## [WHAT TO DO]
Lines from the one containing "Asciugamano da Spiaggia" through the end of the listing are what is wanted, given again exactly with both ends included and pictures left out.

## [STORED DATA]
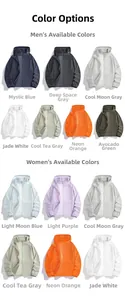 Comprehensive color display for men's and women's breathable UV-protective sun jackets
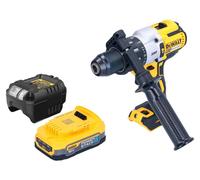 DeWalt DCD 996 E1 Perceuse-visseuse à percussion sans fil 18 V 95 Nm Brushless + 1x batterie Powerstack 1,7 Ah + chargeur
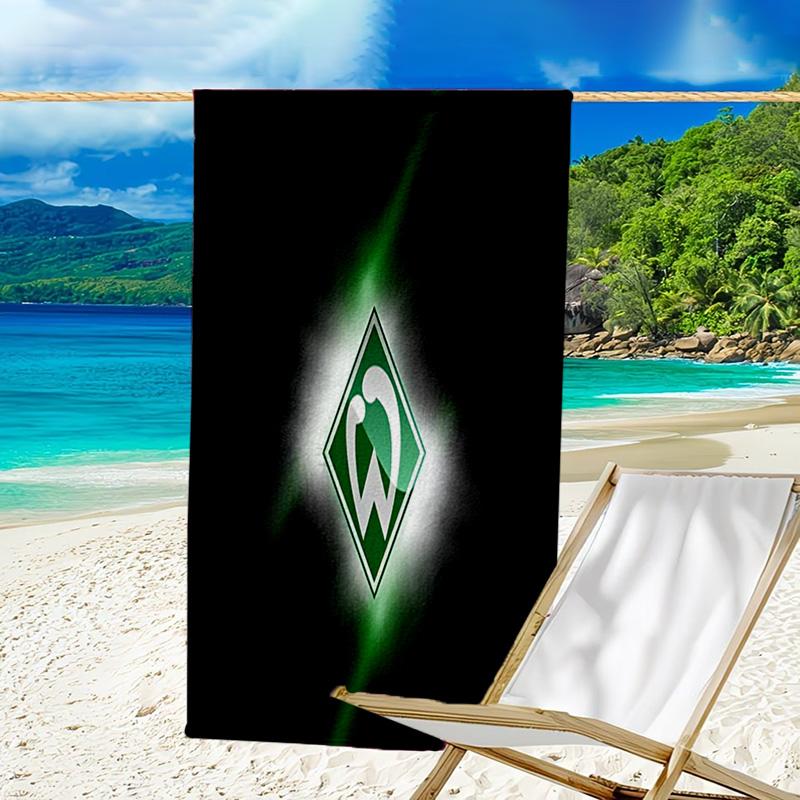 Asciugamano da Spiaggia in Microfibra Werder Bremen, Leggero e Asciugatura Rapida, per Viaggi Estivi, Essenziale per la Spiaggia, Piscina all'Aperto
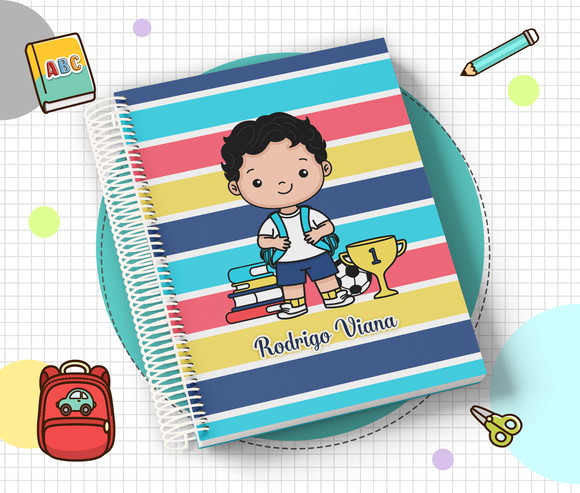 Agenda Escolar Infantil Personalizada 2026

## [OUTPUT BELOW]
 Asciugamano da Spiaggia in Microfibra Werder Bremen, Leggero e Asciugatura Rapida, per Viaggi Estivi, Essenziale per la Spiaggia, Piscina all'Aperto
 Agenda Escolar Infantil Personalizada 2026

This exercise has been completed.